An American, an Israeli, and a Palestinian are marooned on a desert island.
The American goes to one side of the island and builds a church.
The Israeli goes to the other side of the island and builds a synagogue.
The Palestinian goes,“BOOM!
Q: Why is there so much food at a Muslim wedding?
A: To keep the flies off the bride.
Q: Wanna hear a joke?
A: Muslim Women’s Rights.
Q: In an apartment building in London, Ahmed lives on the first floor, Mustafa on the second floor and Harry on the third floor. The building explodes – who lives?

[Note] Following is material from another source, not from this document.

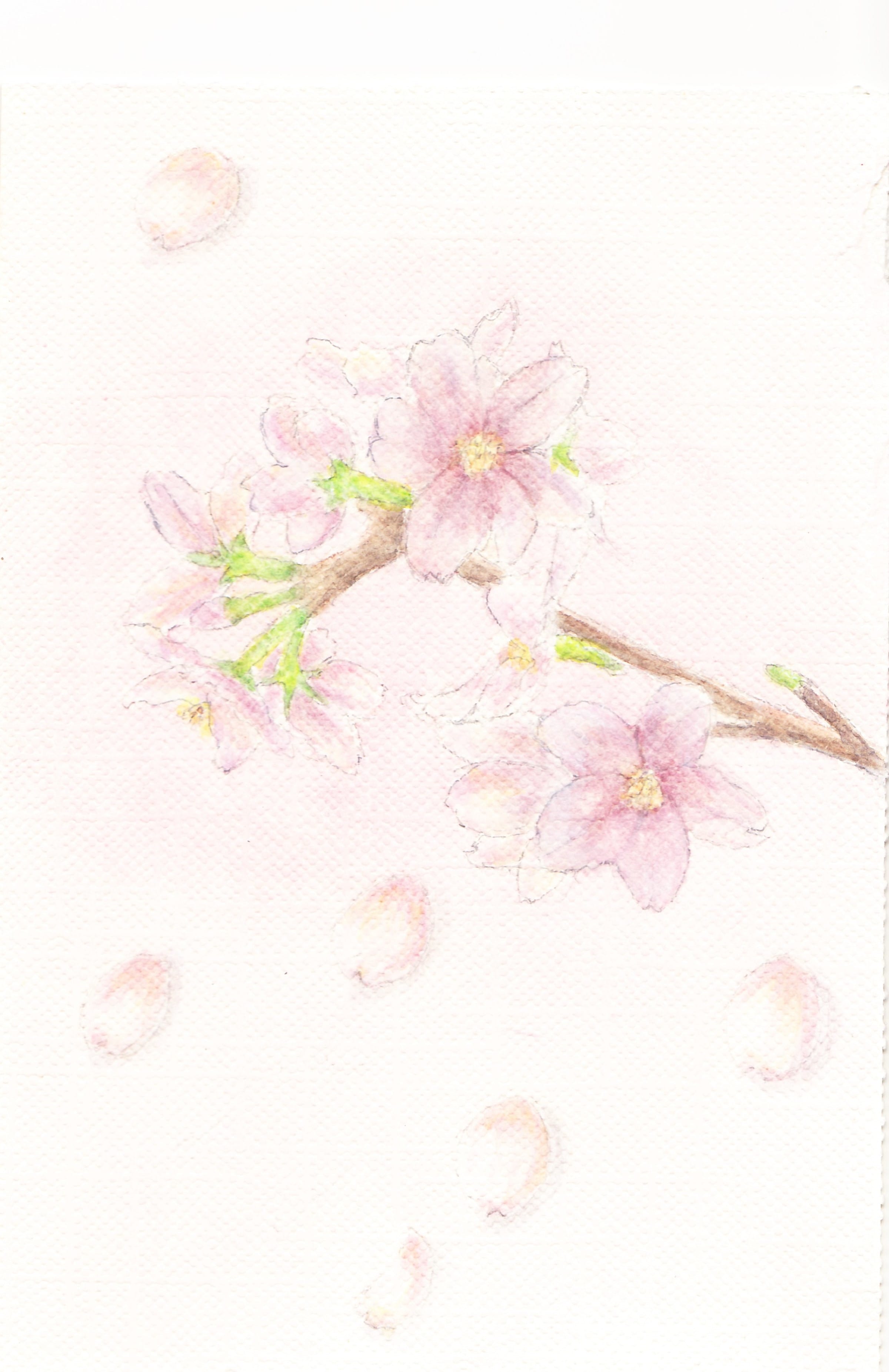 桜 しんめ - Illustrations ART street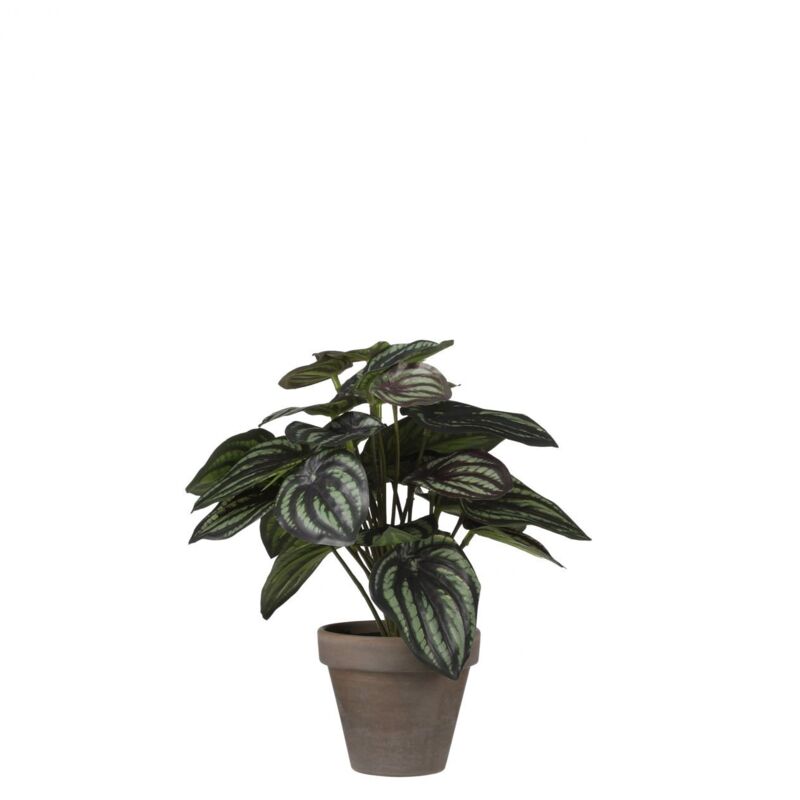 Mica Decorations - Mica Kunstpflanze Peperomia dunkelgrün, 24 x 23 cm Kunstpflanzen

A: Harry of course – he was at work.
Q: A Pakistani, a Turk, and a Moroccan are riding through Germany – who’s driving?
A: A police officer.
Q: Did you hear about the winner of the Islam beauty contest? A: Me neither.
Q: What is the most popular kids show in the Middle East?
A: Dora the Exploder!
Q: What do you call a Muslim stripper?
A: Youseen Memuff
Q: How do Muslims practice safe sex?
A: They mark the camels that kick.
Q. What can the Palestinians do to raise the average IQ in the West Bank?
A. Allow Jews to come in.
Mohammed heard one of his wives was leaving him, so he rushed home where he found her on the carpet in front of the tent with her belongings; he sat beside her and said,“I heard you were planning to leave me?”
She replied,“Yes, I heard your other wives saying you were a pedophile!”
Mohammed thinks for a minute or so and then responds,“that’s a mighty big word for a 6 year old.”
Q How many Muslims does it take to change a lightbulb?
A: None, they prefer to sit in the dark and blame it on the Jews.
Q: How do you get a Muslim woman pregnant?
A: Dress her up as a goat.
Q: Did you hear the one about the Muslim who won a Nobel Prize in Mathematics?
A:Neither did I.
Q: Why do Muslims smell like piss?
A: So blind people can hate them too.